- _DIRECTIONS FOR THIS TASK_
Leave the pictures out and print, word for word, the lines below from the one with "Hand-knotted carved anatolian" through the final line.

[Data entries]
::::::::::

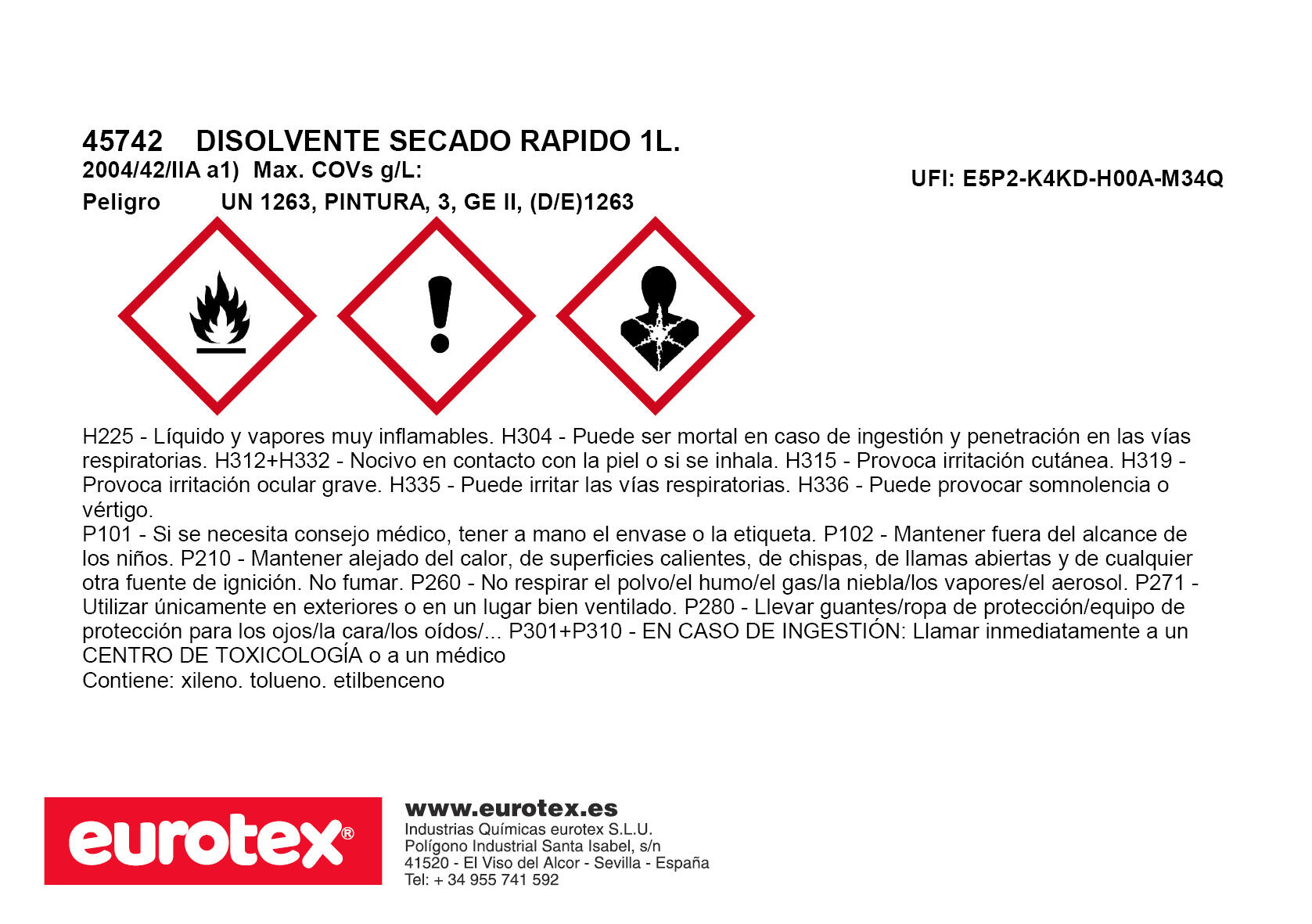DISOLVENTE SINTETICO SECADO RAPIDO 1L - 2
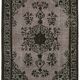 Hand-knotted carved anatolian 1970s 173 cm x 244 cm black carpet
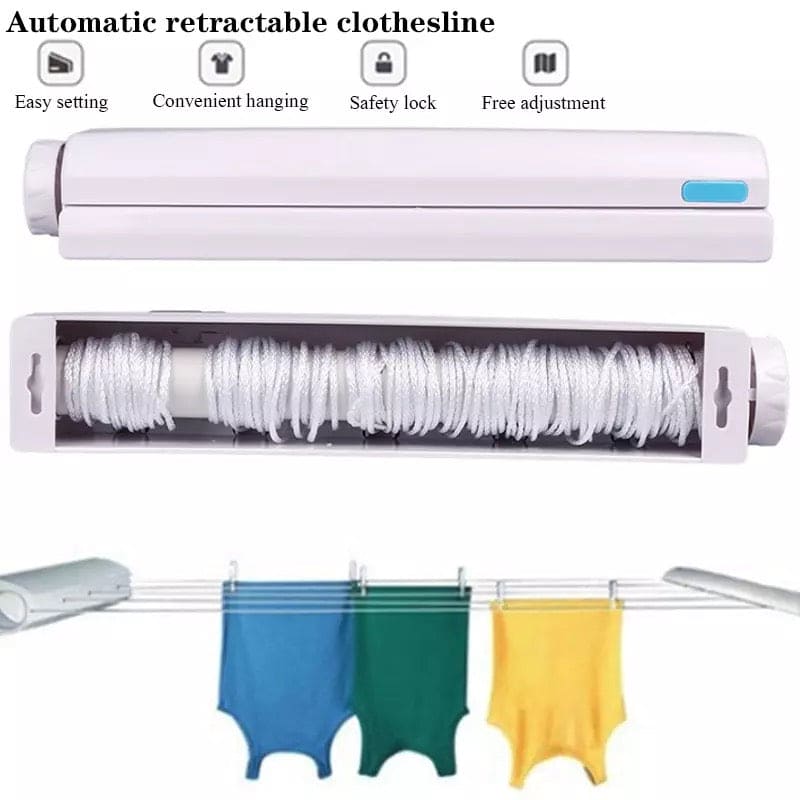 Heavy Duty Retractable 5 Line Hang Drying Rack, Automatic Telescopic Clothesline, Wall Mounted Clothes Line, Flexible Clothesline, Bathroom Clothes Dryer, Balcony Drying Rack Household Clothesline, Retractable Clothes Drying Rack, Drawing Rope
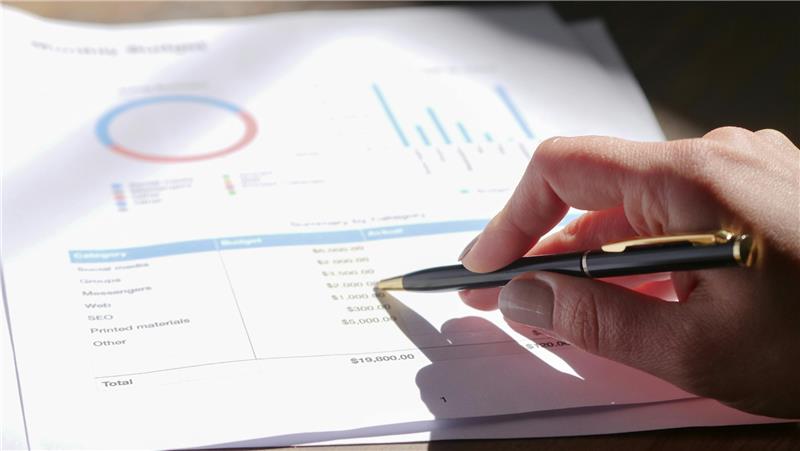 professional reviewing financial charts and documents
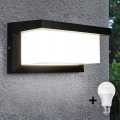 Φωτιστικό τοίχου LED εξωτερικού χώρου με αισθητήρα σούρουπου NEELY 1xE27/9W/230V IP54 μαύρο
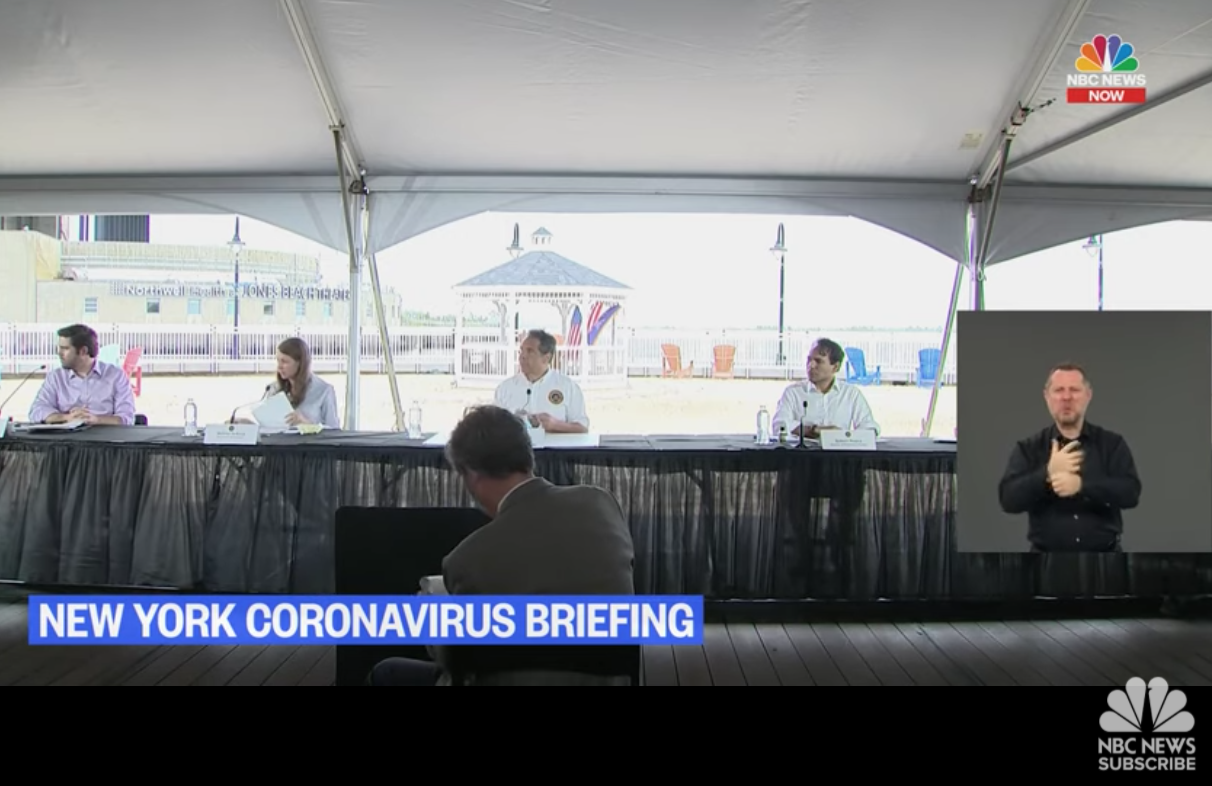 New York Governor Andrew Cuomo presser at Jones Beach. h/t NBC News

::::::::::

- _RESULT_
 Hand-knotted carved anatolian 1970s 173 cm x 244 cm black carpet
 Heavy Duty Retractable 5 Line Hang Drying Rack, Automatic Telescopic Clothesline, Wall Mounted Clothes Line, Flexible Clothesline, Bathroom Clothes Dryer, Balcony Drying Rack Household Clothesline, Retractable Clothes Drying Rack, Drawing Rope
 professional reviewing financial charts and documents
 Φωτιστικό τοίχου LED εξωτερικού χώρου με αισθητήρα σούρουπου NEELY 1xE27/9W/230V IP54 μαύρο
 New York Governor Andrew Cuomo presser at Jones Beach. h/t NBC News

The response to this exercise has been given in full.